I have written quite a few posts about looking for an academic position, these can be found here, where I have collected many of them under a single post for you, or under ‘The Academic Job Search’ category on the right side of this page.
On this page I list and describe the parts of a standard application package.. these have 4 important parts (generally speaking):
1. Cover Letter.
2. Your impressive CV.
3. A statement of your Research Interests.
4. A statement of your Teaching Philosophy & Interests.
Let’s take these one by one.
1. Cover Letter– This letter is your introduction to the search committee and is very important. When I am looking at an application I always read the cover letter carefully, and when you write one you should write it with that in mind. Here is a sample. I think these should be brief…make your best effort to keep it to 1 page- if you can’t well… its probably ok to be a little over that, but don’t go overboard. Remember that all of your accomplishments will be nicely organized in your CV and research interests statements, and trying to fully explain all of that is not the purpose of the cover letter. I personally DON’T think that the special circumstance of the two-body problem … if you have a spouse that’s an academic scientist that also will need a job… should be mentioned in the cover letter. Let the search committee love you and want to interview you first, and we will let them know about your spectacular spouse-who-needs-academic-position once they are in love with you, and we actually have our foot in the door.

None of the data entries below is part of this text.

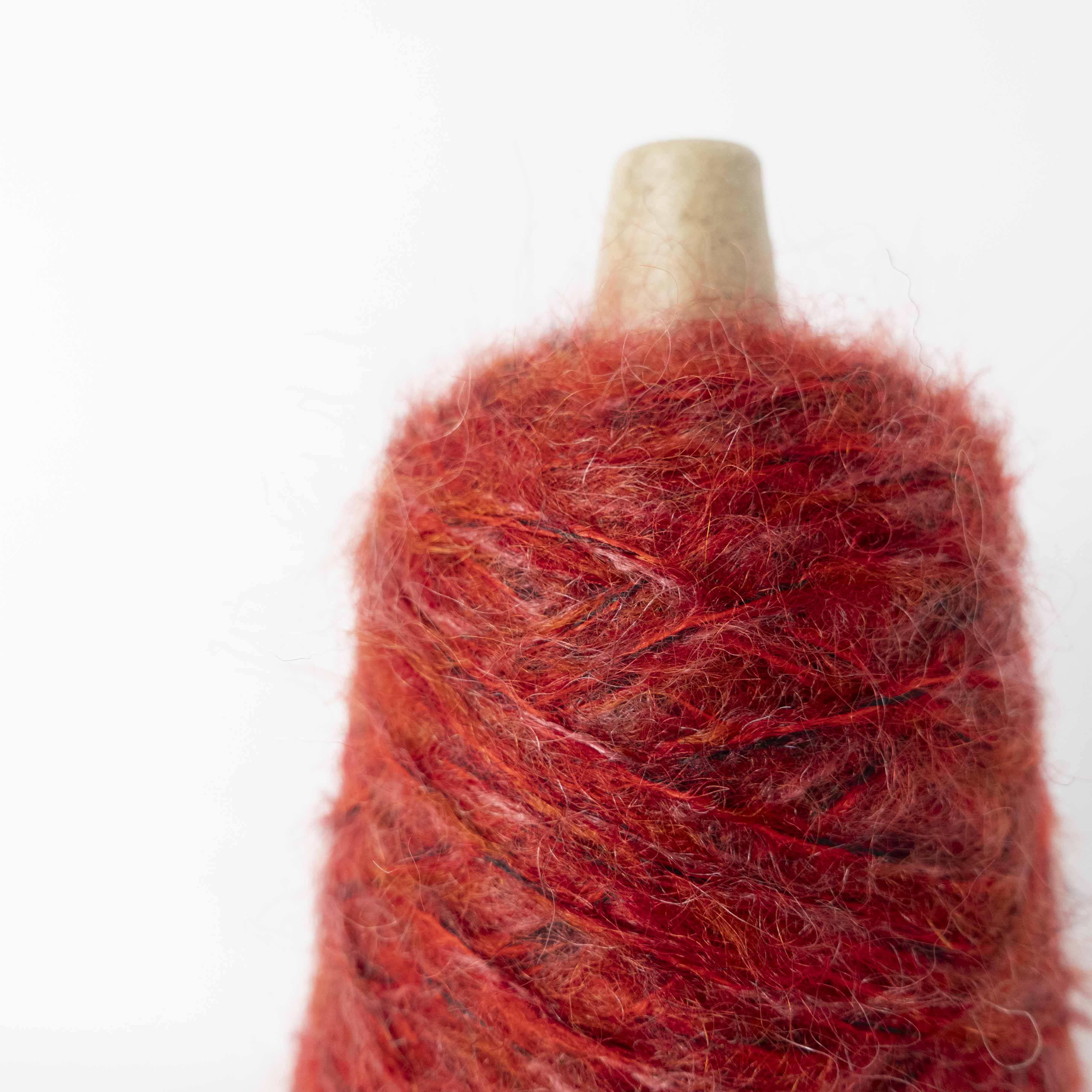 1/2.6 KID MOHAIR 5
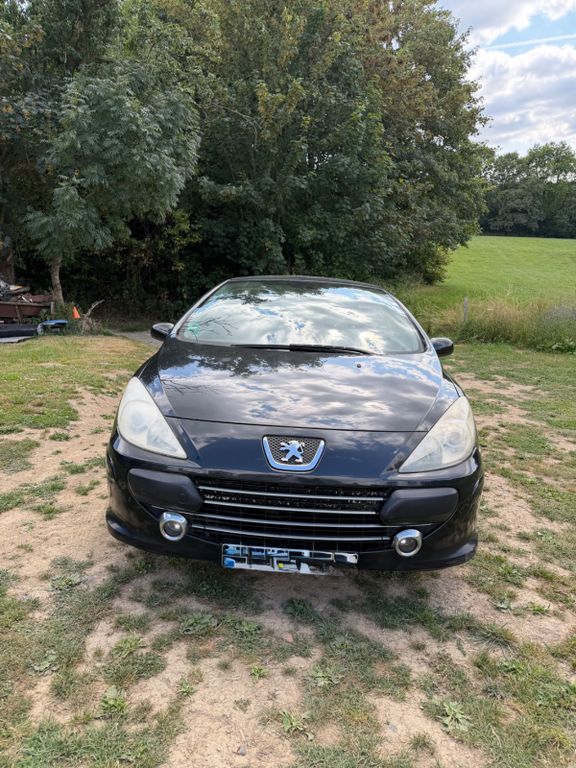 Bild des Angebotes Peugeot 307 CC JBL 110 JBL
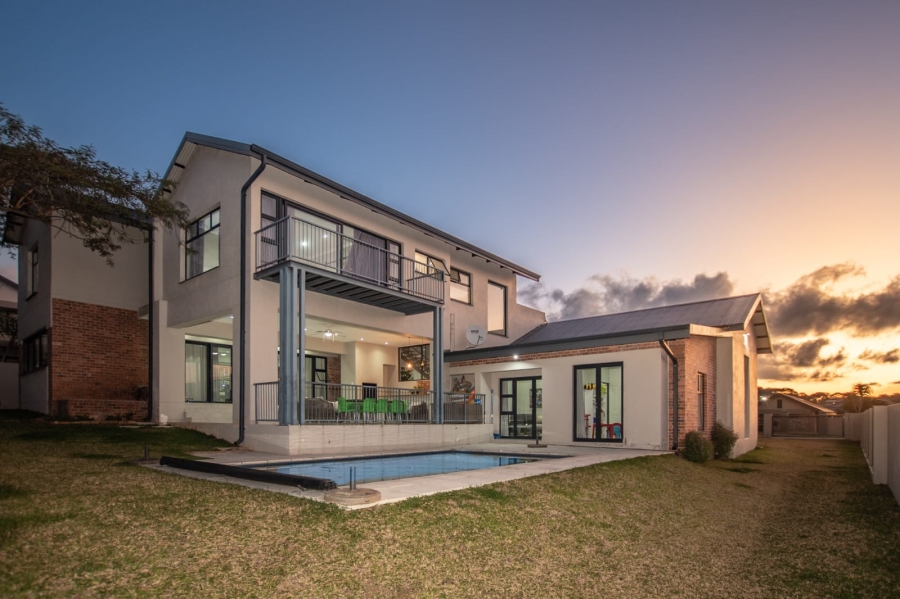 6 Bedroom Property for Sale in The Rest Nature Estate Mpumalanga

The CV should be ORGANIZED and EASY to read. I generated a sample (working on adding this to the site) . The CV for an academic science position generally include the following sections (there may be additional sections depending on your background, for example Patents, Service):
Name– Yours obviously.
Contact Information– Current address, phone, fax, and email where you prefer to be contacted. (it is not necessary to write whether or not you are married or have children in this section- I have seen this, and think it’s not a good idea)
Academic Training– list of dates attended, degrees awarded, institution and institutional addresses-one entry for each degree. Dates aligned on the Left- with the rest of the information indented and easy to access.
Positions Held– dates position was held, your title, One line description of your area of work, Name and degree of your supervisor, institution and institution city and state.
Fellowships and Awards-Dates awarded, Name of fellowship and awarding entity… or name of award.
Funding– VERY VERY IMPORTANT, to list all current and pending funding. Active and Expiration Dates of Funding (or date applied if submitted but PENDING), Agency and proposal #, your role on the grant (PI, co-PI etc), $$ perhaps, and whether or not the proposal is pending.
Invited Presentations– Date presentation was given, Institution, Institution city and state.
Professional Licenses and Society Memberships– Dates of membership and/or licensure, Name of professional society or licensing body and license #.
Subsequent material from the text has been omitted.